By Karl Terry: Freedom Columnist
I probably won’t watch the Academy Awards tonight but I do have a favorite for Best Picture. “Avatar” has my vote.
To establish my immense credibility as a movie reviewer here, I’ve only seen two of the nominated movies but I feel pretty safe in making this call. If you haven’t seen it yet you should while it’s on the big screen in 3D.
Since it’s pretty obvious that I don’t get to the movies too often, why lay down $10 for this one? Mainly because I wanted to see what has been described as a huge technological advance in movie production.
From a tribe of giant blue people on a distant moon to the flora and fauna of that made-up world, the special effects created by the makers of the movie certainly didn’t disappoint. The 3D only added to the experience and made the world created on screen really come alive. But to me the special effects and plentiful action scenes were only part of what made the movie so good.
James Cameron and the makers of “Avatar” were successful with the movie because they successfully teleported the classic American Western into the realm of science fiction.
I’ve read a few blogs and reviews of the movie that have panned the plot for being too simple and too predictable but so were Westerns. To me the story of good versus evil and the character conflicts that can be found in the ground in between is a movie outline that never disappoints. The meat of the message then comes down to development of the characters and how well acquainted the moviegoer becomes with the demons they struggle with.

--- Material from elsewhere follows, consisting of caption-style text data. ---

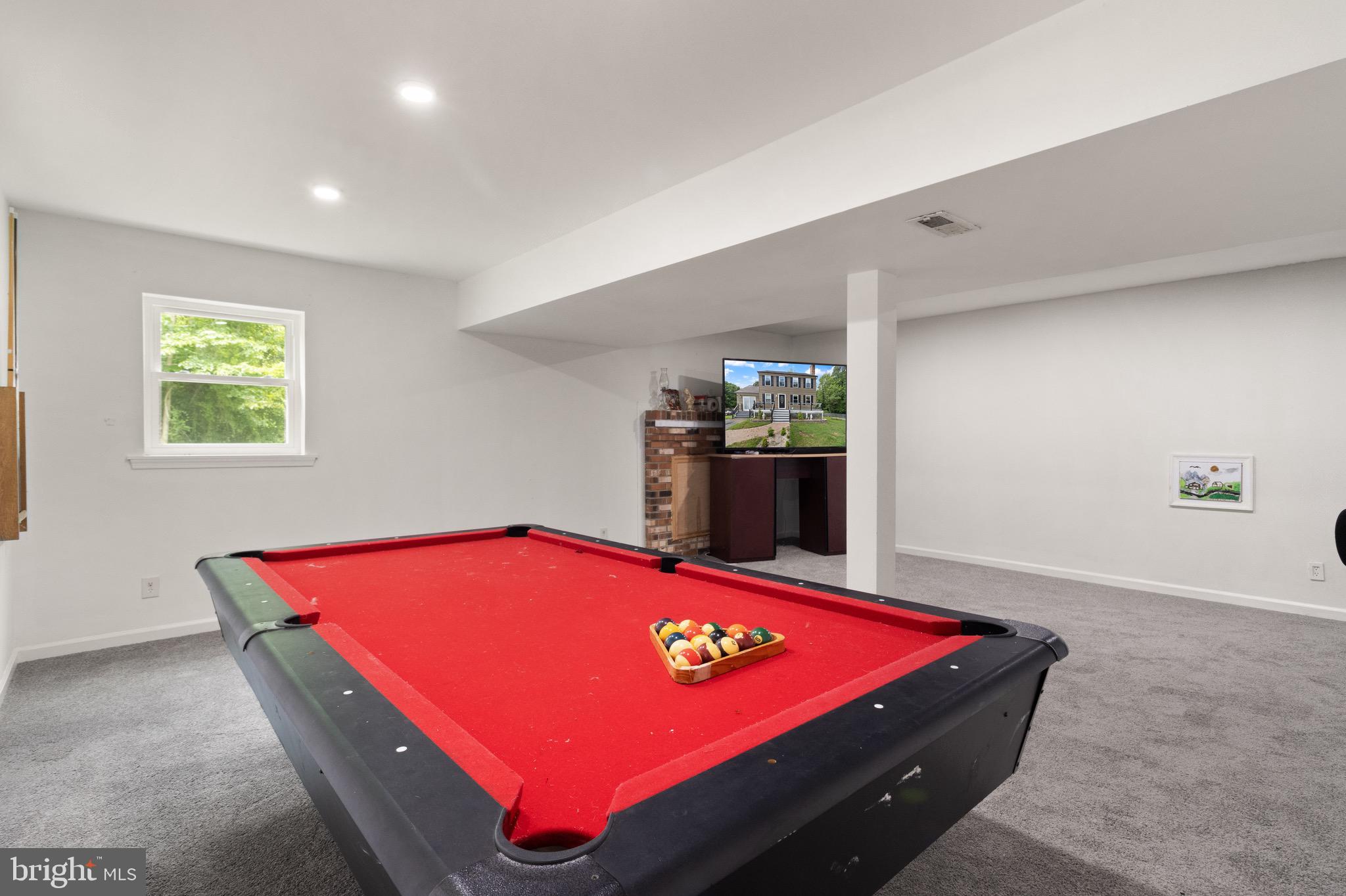 244 Raintree Boulevard Stafford, VA 22556 - Photo 30 of 34 a room with pool table and windows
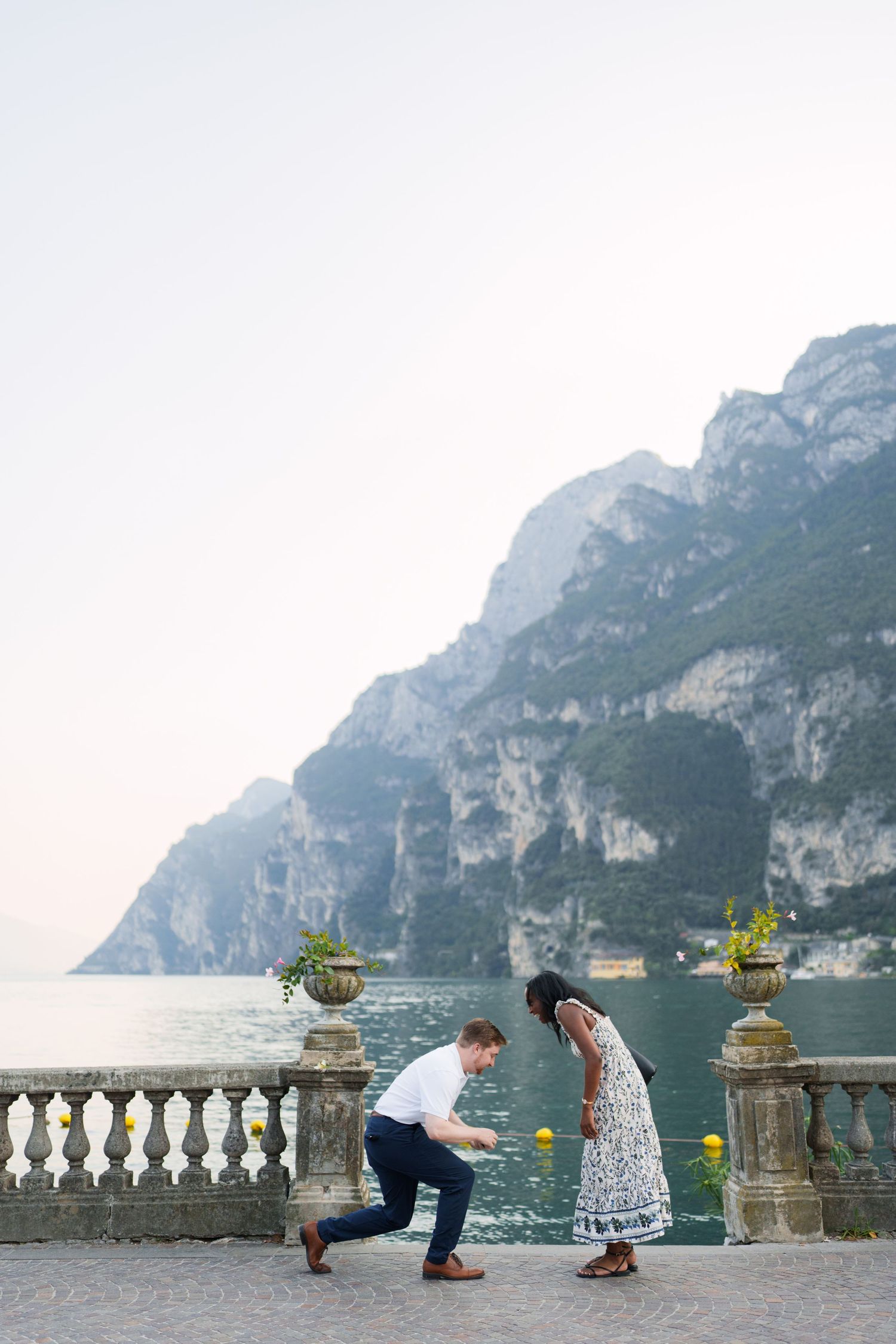 Surprise marriage proposal on one knee overlooking Lake Garda in Riva del Garda, Italy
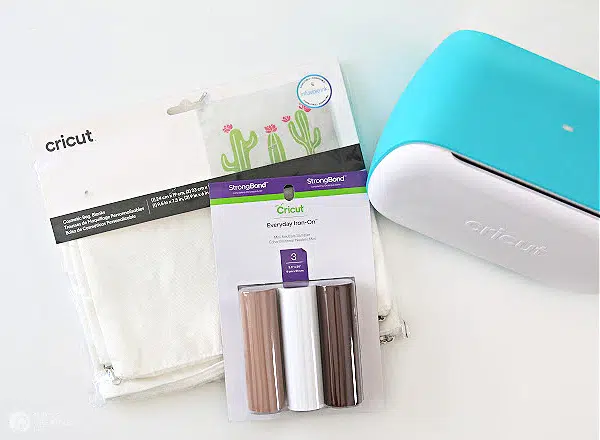 Cricut Joy cutting machine with supplies for making iron-on design on canvas pouch.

I’ve read a limited amount of science fiction books over the years but the ones I’ve enjoyed most were those that used the Western novel approach. Seems strange then that I haven’t read that many Western novels, doesn’t it?
The thing about the movie that struck me the most was the correlation it seems to make between the Na’vi (giant blue people) and their conflicts with people from Earth in the movie and Native Americans and their conflict with European settlers and soldiers in America.

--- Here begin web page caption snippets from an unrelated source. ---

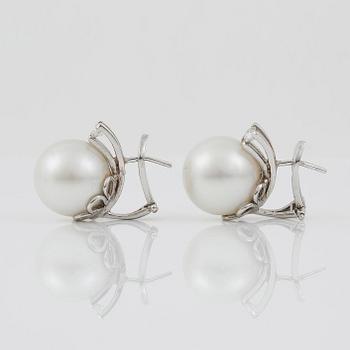 A pair of cultured South sea pearl and diamond earrings. Total carat weight of diamonds circa 0.35 ct.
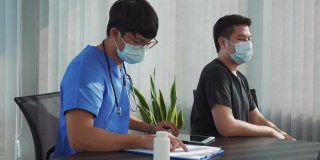 一位亚洲医生正在用听诊器听病人的心跳。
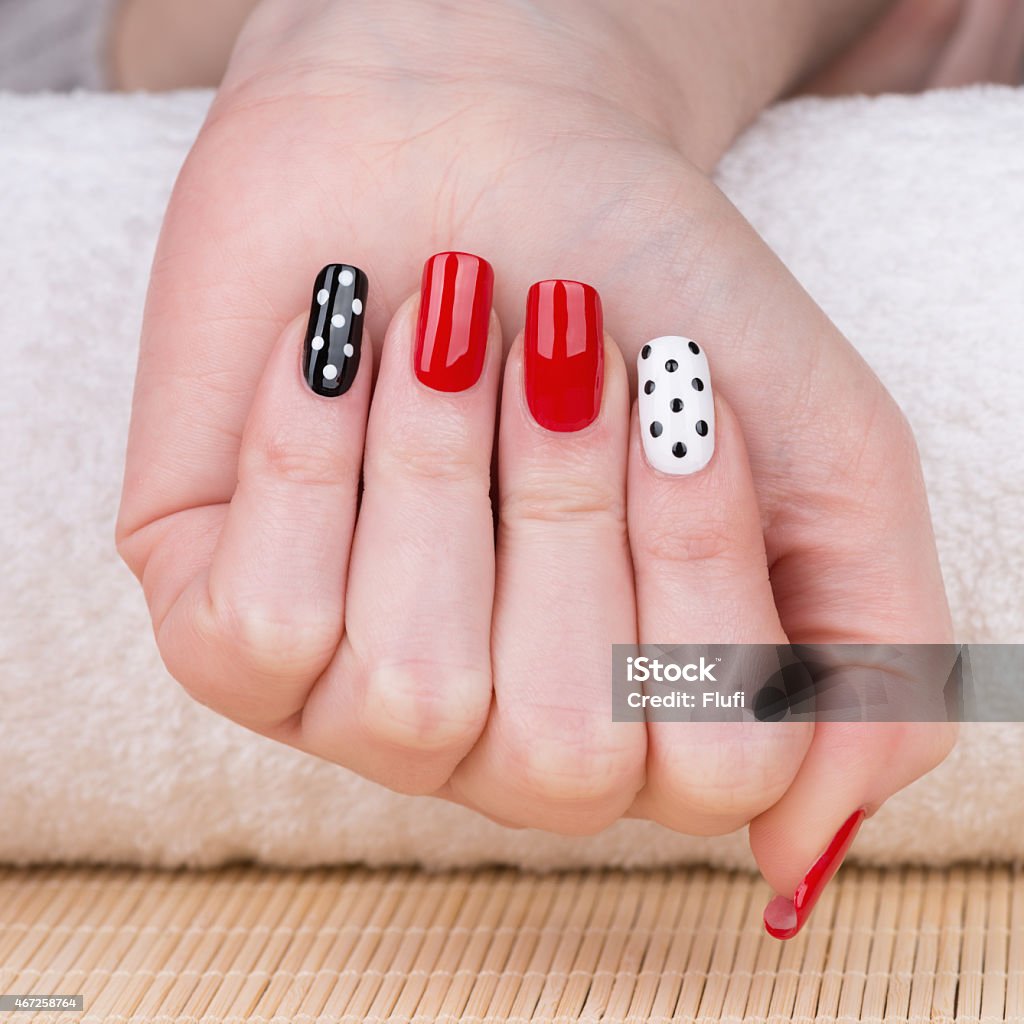 Manicure Beauty treatment photo of nice manicured woman fingernails. Very nice feminine nail art with nice red, white and black nail polish. 2015 Stock Photo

The Na’vi are a race living in tune with the natural world around them and technology doesn’t have a place and even seems silly to them. After the main character, Sully, inserts himself into the Na’vi culture for reasons of espionage he becomes aware of the inevitable clash of cultures that is ahead.

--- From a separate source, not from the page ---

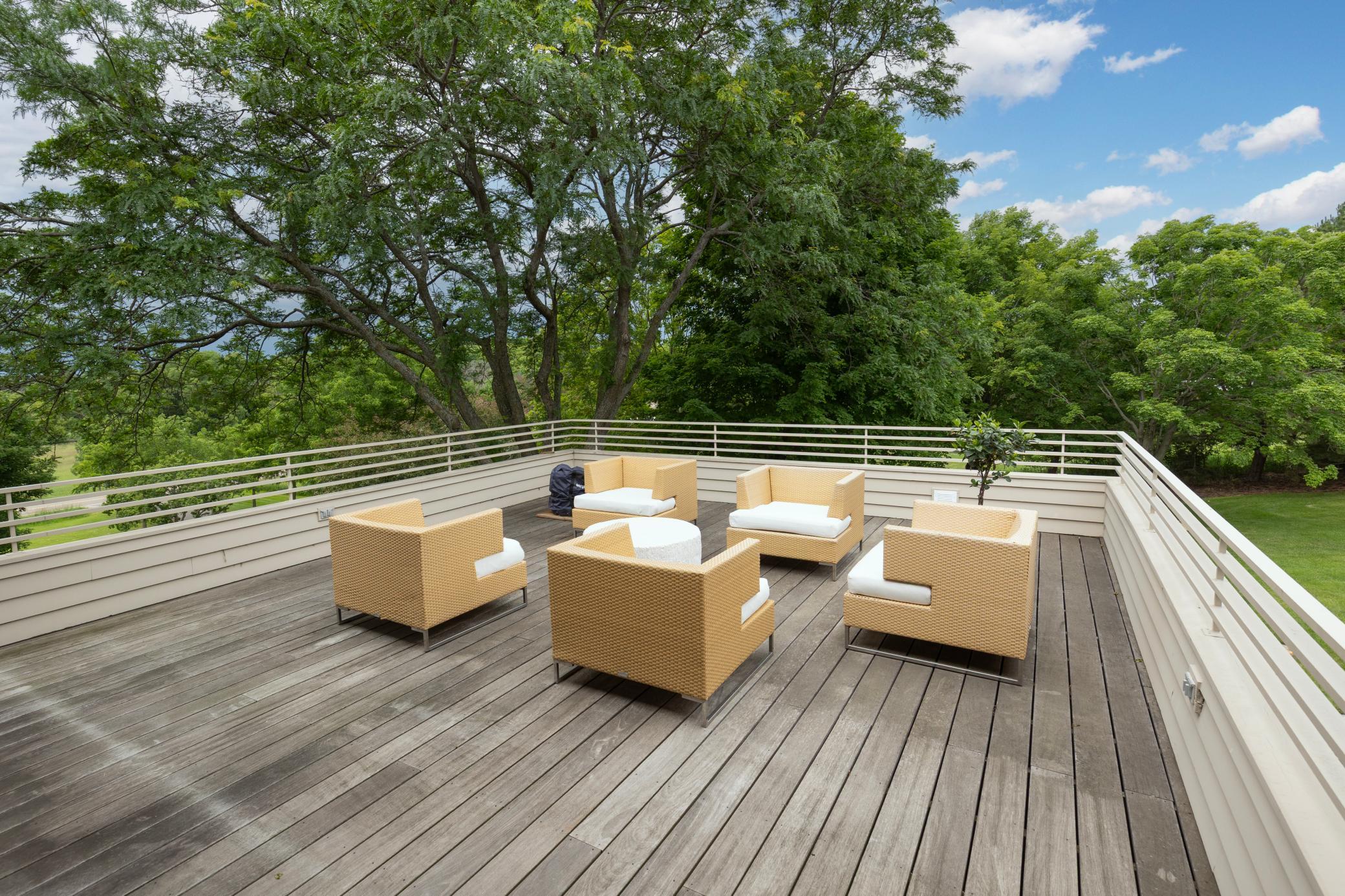 Charles Stinson designed and Frank Lloyd Wright inspired - another cantilevered ironwood deck extends generously sized with unobstructed views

When Sully tries to communicate this fate to Na’vi leaders and explain their predicament he fails. This scene made me think of Chief Ouray of the Ute Indians of the Southwest. Ouray had been to Washington and had seen how strong and vast the White Man’s armies and government was and he urged his people to negotiate instead of fight. Ouray too was largely unsuccessful and miners, farmers and ranchers eventually displaced his people.
Like good science fiction and good Westerns “Avatar” has a twist that gives us hope. Hope that harmony, understanding and a hero framed against an alien sunset might just exist somewhere in our future.